11月28日2006/11/29 02:54

 昨日は色々あって更新できず。なので、JC回顧をココで。ま、やはり回顧しておかないとイケナイと思うので。一口持ってる誰かさんには申し訳ないけど、今日はJCDはうっちゃります(苦笑)。
 
 ディープインパクト雪辱で盛り上がるJC。しかし、私の本命はハーツクライ。当たり前だ。そこまでする覚悟がなけりゃ、去年有馬記念でこの馬買わないっての。正直駄目そうな気は大いにしたんだけど、知ったことではない。
 
 駄目そうな気がした理由は1つ。ディープインパクトがマトモに走ったら、かなわない。けどねえ。だからってディープインパクト買ってるようじゃ、駄目なんだよ。それを言いだしたら、キングジョージのハリケーンランの方がもっと「ヤバかった」んだから。相手が何であろうとも、惚れた馬から買う。これは大事なことなんだよ。少なくとも私は、その昔テンジンショウグンって馬に「買ってないとどーなるのか」イヤってほど教えてもらったからなあ…
 
 しかしである。ハーツクライは全く競馬せず。明らかにオカシイ。勝った負けたの問題じゃない。正直、「飛ぶときは派手かもね」と思ってたので、3着以内に来なかったことは仕方ない。けど、あの負け方は明らかに「私の知ってるハーツクライ」じゃない。
 
 事前に報道された「ノド鳴り」(病気の一種)が原因かどうかは、何とも言えない。おそらくはそうじゃないかと思うけど。調教でしっかり動いていたのにアレだからねえ。単にヤル気が出なかったって可能性もあるけど、だとしてもあれは一過性のモノじゃないでしょ。とりあえず、有馬記念で勝負にならないのは間違いないと思うね。
 
 ハーツクライのあの負け方は、なんか「重なる」光景がある。私が原居民様を最後に観たレースだ。勝ち負けはともかく、いつもいつも私の目の前ではしっかり走っていた原居民様が、この時は全く競馬にならなかった。これと同じモノを観たような気がする。
 
 そりゃあね、原居民様とハーツクライじゃ色々違う。原居民様はとっくの昔に全盛期を過ぎ、惨敗したところで「ああ、やっぱり」と言われて終わり。そもそも当たり前じゃないかと言われれば、その通りだ。
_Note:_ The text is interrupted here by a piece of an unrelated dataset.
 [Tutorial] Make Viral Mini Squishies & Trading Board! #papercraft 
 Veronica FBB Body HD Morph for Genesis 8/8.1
さらに言うなら、あの時は調教の動きからして悪く、「これはひょっとして…」って思いは強かった。その意味では、「ハーツクライはまだまだ頑張れるんじゃないの?」って意見があるのもわかる。
 
 けどねえ。うまく言えないけど、あれは駄目だと思う。表面的な負け方がどうこうじゃなく、馬から受ける「雰囲気」がそう言ってる。原居民様も最後はそんな雰囲気を漂わせながらゴール板を通過した。やる気がなくなったとか、今回はたまたま能力の限界だったとか、そんな甘っちょろい負け方じゃない。私が「もう駄目だから引退しますってのは、ココまでやって初めて言えることなんだなあ」と感じ入ったときの原居民様と同じ雰囲気だよ?あそこから復活があるんなら、原居民様だって復活できたと思うね。
 
 私も競馬歴そこそこ長いだけに、いわゆる「奇跡の復活」ってのも何度か観た経験がある。けど、あの状態からの復活はない。ライスシャワーもああいう状態じゃなかったし、ホワイトストーンも同様。テンジンショウグンでさえ、ああいう「死に方」じゃなかったなあ。強いて探すなら、最後の有馬記念直前のオグリキャップか?ただあの頃は競馬始めたばかりなので、オグリがどうだったのか見抜く目はなかったんだよな。私は無根拠に「まだ死んでないと思う」なんて言ってたけど。
 
 ハーツクライがああなっちゃたのは、辛いねえ。応援してるしてないを別にしても、すごーく辛い。文字通り「芸術作品が壊れてゆく様」を観てることになるからねえ。サラブレッドは走るからこそ美しい。引退した馬みたいに「いかにも走れない姿」を見るのならあきらめもつくけど、表面上まるで変わらないのに、いきなり「走れなく」なっていくのは…ガラス瓶が砕け散るよりも、よっぽど劇的だと思うなあ。
 
 ただまあ、それもまた競馬である。応援してる馬がこんな姿になるのは、できれば観たくないけど、いつか観てしまう。それはイヤなことだし辛くて哀しいんだけど、それでも素晴らしい光景でもある。好きな馬・応援してる馬って言うのなら、できればそこまで見届けたい。そーゆーものじゃないかなあ。
 
 ハーツクライはどう考えても「引退後の生活」ってモノがあり、その都合で現役続けかねないのは事実。なにせ今引退すると、ディープインパクト・ロックオブジブラルタル・ファンタスティックライト様に混じって「初年度配合相手」確保しなくちゃいけないからねえ。いっそのことどっかに売った方がいいんじゃとも思うけど、あの(実質的な)馬主がそんなこと考えるとは…仮に引退するとしても、有馬記念には花道として出てくるかも。けど、それらは全てオマケだね。あった方がいいのかない方がいいのかは一口に言いがたいけど、本質的には「どーでもいいこと」じゃないかな。多分、強いハーツクライはもう観られないんだから。
 
 強いハーツクライが観られないのは、ちょっと寂しい。けど、ハーツクライには大事な仕事がある。その魂受け継ぐような子供を作り、ハリケーンランの魂受け継いだ子供を撃破することだ。しかも、アスコット1.5マイルで。それが血統のロマンってものでしょ。言葉にするとちょっと安っぽいかもしれないけど、「あのモンジューの息子を打ち破ってくれ!」って期待をかけた馬なんだもの、そこまで期待しなくてどーする。
 
 というわけで、ハーツクライには単に「これから頼むぞ」とだけ言っておこうと思う。そしてだ。強い息子ができた暁にはアスコット競馬場で、引退してゆくハーツクライには言えなかった台詞を叫ぶのさ。そう、「カネ返せ!」と(笑)。